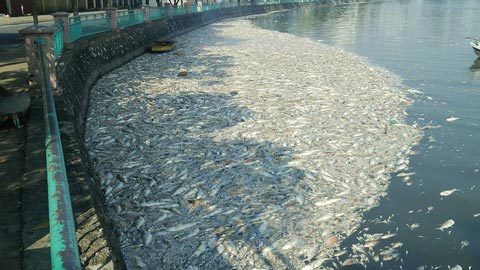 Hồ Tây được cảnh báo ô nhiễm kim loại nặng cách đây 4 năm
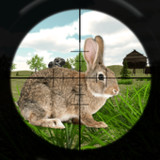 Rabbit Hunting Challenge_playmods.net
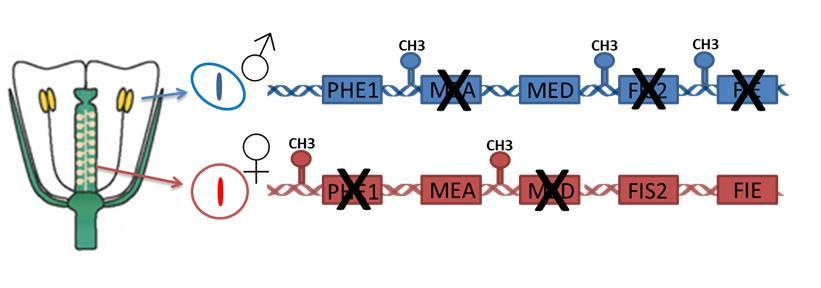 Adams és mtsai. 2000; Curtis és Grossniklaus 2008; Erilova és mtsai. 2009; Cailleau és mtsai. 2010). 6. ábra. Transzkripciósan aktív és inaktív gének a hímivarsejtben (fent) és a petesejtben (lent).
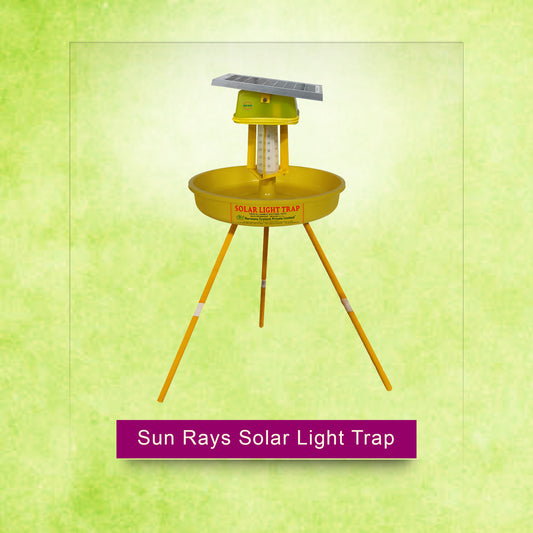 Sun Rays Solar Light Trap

:: EXERCISE PROMPT ::
Every line above needs to be written out again as it stands. Pictures do not belong in the copy.

:: ANSWER SECTION ::
 Hồ Tây được cảnh báo ô nhiễm kim loại nặng cách đây 4 năm
 Rabbit Hunting Challenge_playmods.net
 Adams és mtsai. 2000; Curtis és Grossniklaus 2008; Erilova és mtsai. 2009; Cailleau és mtsai. 2010). 6. ábra. Transzkripciósan aktív és inaktív gének a hímivarsejtben (fent) és a petesejtben (lent).
 Sun Rays Solar Light Trap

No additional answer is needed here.